**** Supplied information

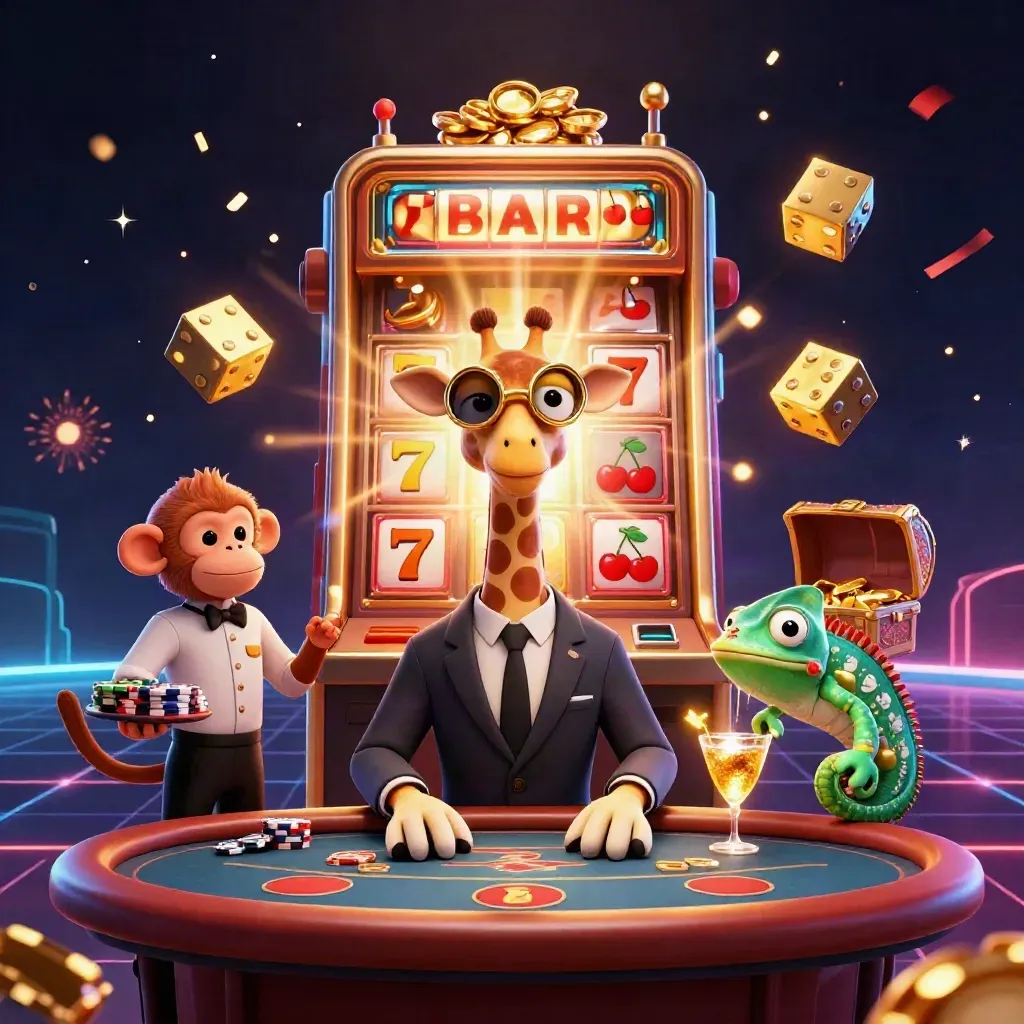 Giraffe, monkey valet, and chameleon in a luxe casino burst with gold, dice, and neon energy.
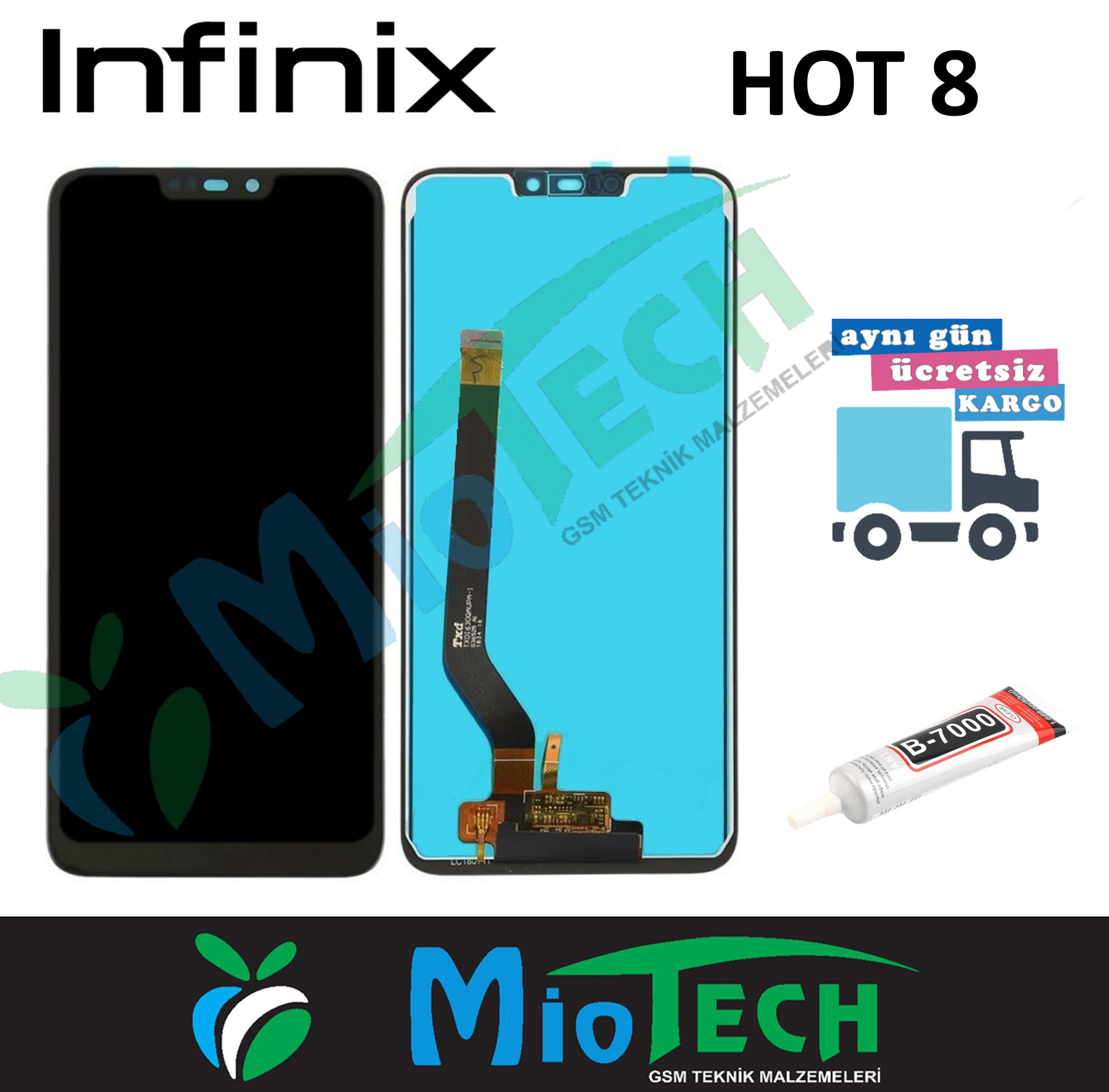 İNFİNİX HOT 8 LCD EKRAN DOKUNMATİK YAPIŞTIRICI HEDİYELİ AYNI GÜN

********
**** Supplied information

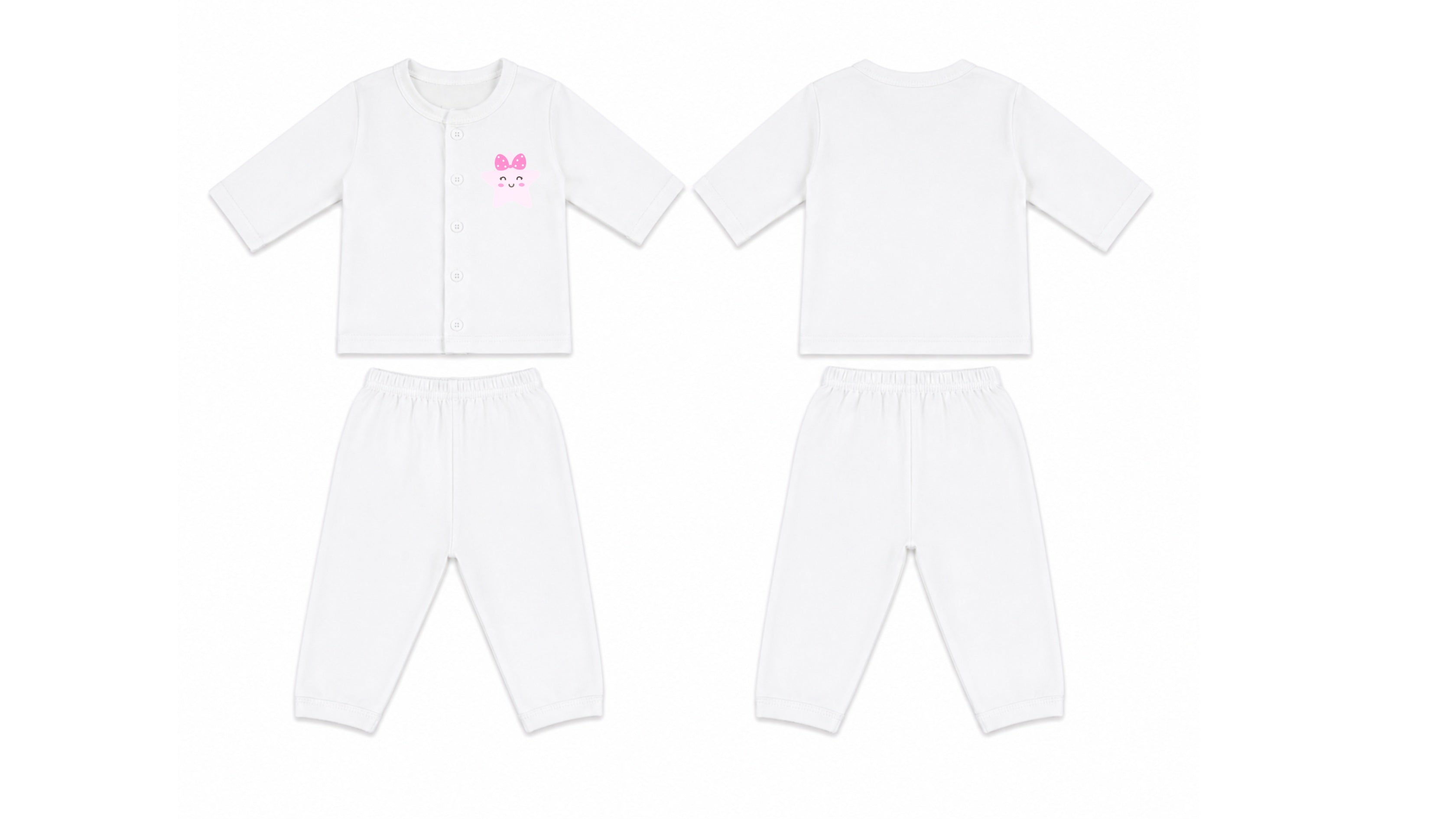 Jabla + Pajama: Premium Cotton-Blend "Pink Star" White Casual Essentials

********
**** Supplied information

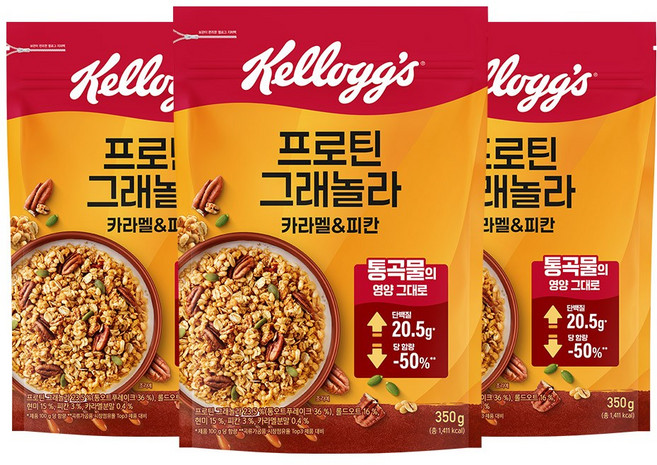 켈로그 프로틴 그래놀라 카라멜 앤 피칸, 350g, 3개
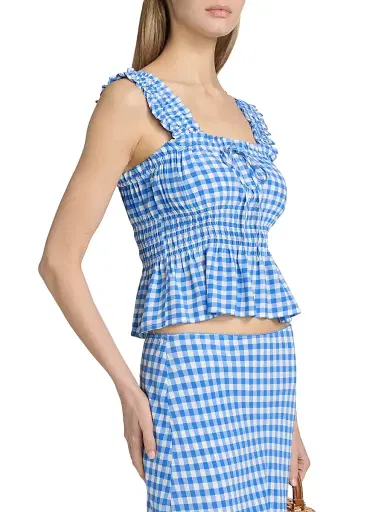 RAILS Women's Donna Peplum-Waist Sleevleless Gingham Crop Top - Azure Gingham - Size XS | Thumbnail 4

********

- [Your objective]: All lines above starting at the one with "Giraffe, monkey valet, and" and ending at the one with "İNFİNİX HOT 8", inclusive, are to be printed again exactly, with the pictures left out.

- [Output for this task]:
 Giraffe, monkey valet, and chameleon in a luxe casino burst with gold, dice, and neon energy.
 İNFİNİX HOT 8 LCD EKRAN DOKUNMATİK YAPIŞTIRICI HEDİYELİ AYNI GÜN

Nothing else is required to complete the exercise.